The West is entirely foreign to me…
This past fall, I finally got to explore some of this alien landscape for the first time in my life. I was so excited to spend time in the desert – I have always done well in the crushing heat of the Carolinas and was eager for the drastically different scenery. But when we arrived in Utah, I found the environment to be harsh and unforgiving, and quite frankly, ugly in a way I hadn’t expected. The orange dirt and unique geological features were breathtaking, but I missed the trees! The land was barren and dead, and the revitalizing energy I normally feel in nature was absent. Instead, I baked under a harsh sun and felt my energy drain. I was irritated at the sand and exposure. I was used to a humid heat, but with the relief of constant shade from the bursting canopy. Without shade, it turns out, heat is much harder to handle. And on top of it all, every water source tasted like mud. I forced down liter after liter of water only to still feel thirsty.

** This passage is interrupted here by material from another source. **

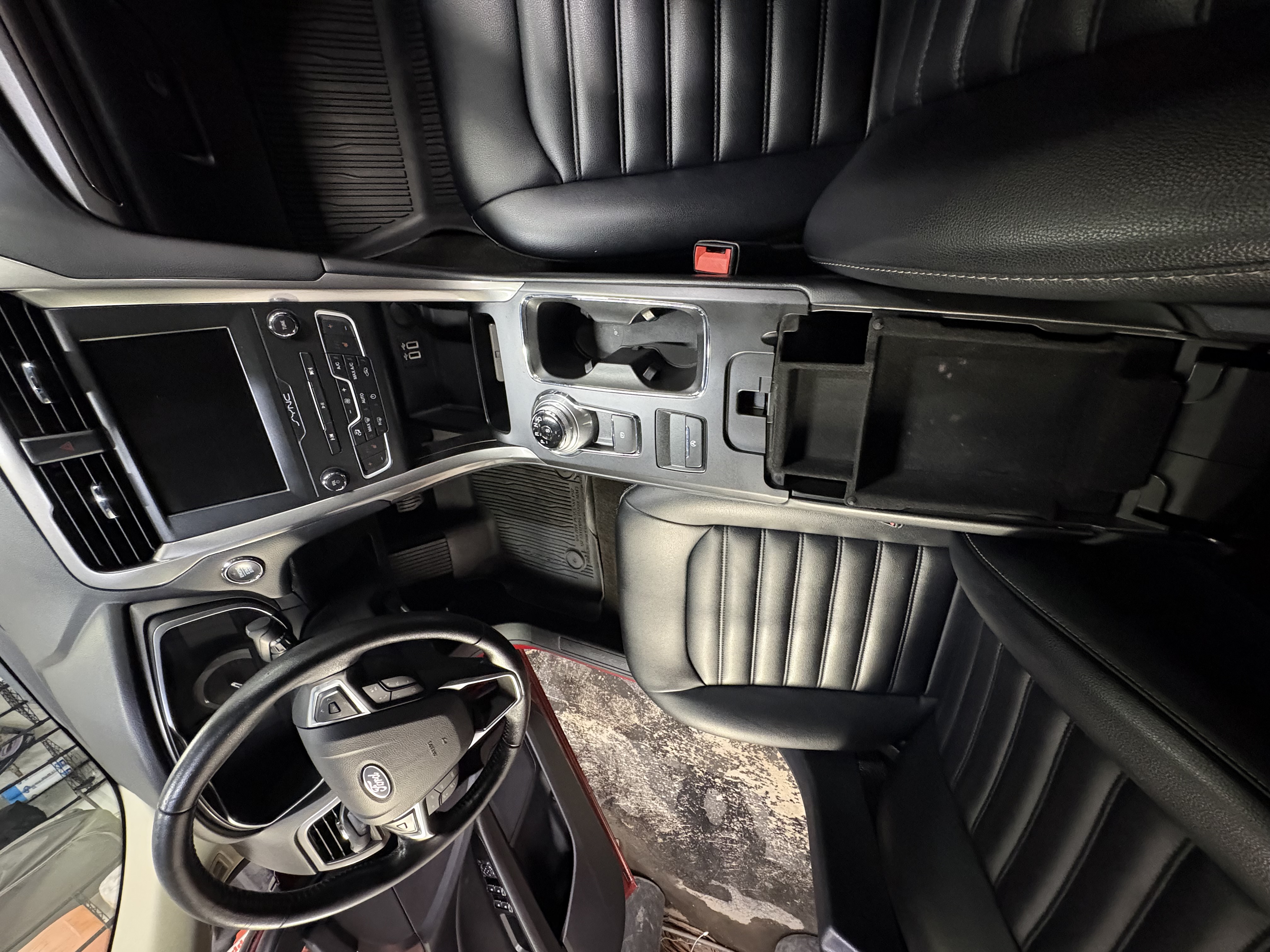 Used 2019 Ford Fusion SEL FWD image 18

All of this was on a casual car camping adventure. We had shady campsites to relax in, along gushing rivers. We took short day hikes through the area, never logging more than 5 or 6 miles.

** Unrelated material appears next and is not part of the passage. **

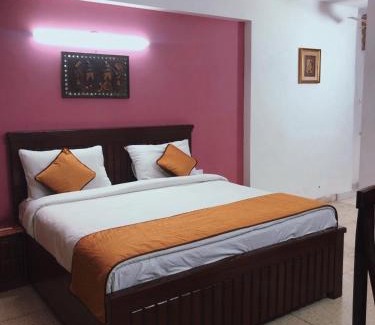Hanuman Road Area Casa | Awasthi Kozi Stays B&B - closest to VFS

Now, I look at 773 miles of trail that weaves through the barren, exposed terrain of New Mexico and my heart races. I wonder how I will handle the sun and heat, how I will survive off fowl water sources. I dread the feeling of sand getting stuck in my everywhere and wonder what other challenges will present themselves. It has taken me years to learn the strategies needed to make East Coast hiking enjoyable, but soon I will be a novice again, learning these lessons the hard way.

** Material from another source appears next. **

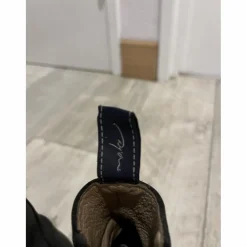 Boots dyon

While I wait for April to just get here already, these fears chase each other around my brain. To distract myself, I have stayed as busy as possible. I have picked up a part time job guiding hiking trips for the spring, on top of my job at the brewery and managing my art business. I am focused on setting myself up for success when I return, so I can easily dive back into my comfortable life when I finish the trail. But I still check my countdown app every day. I watch anxiously as winter comes to a close. And at the end of the day, I crave the freedoms of a thru hike, despite all the challenges.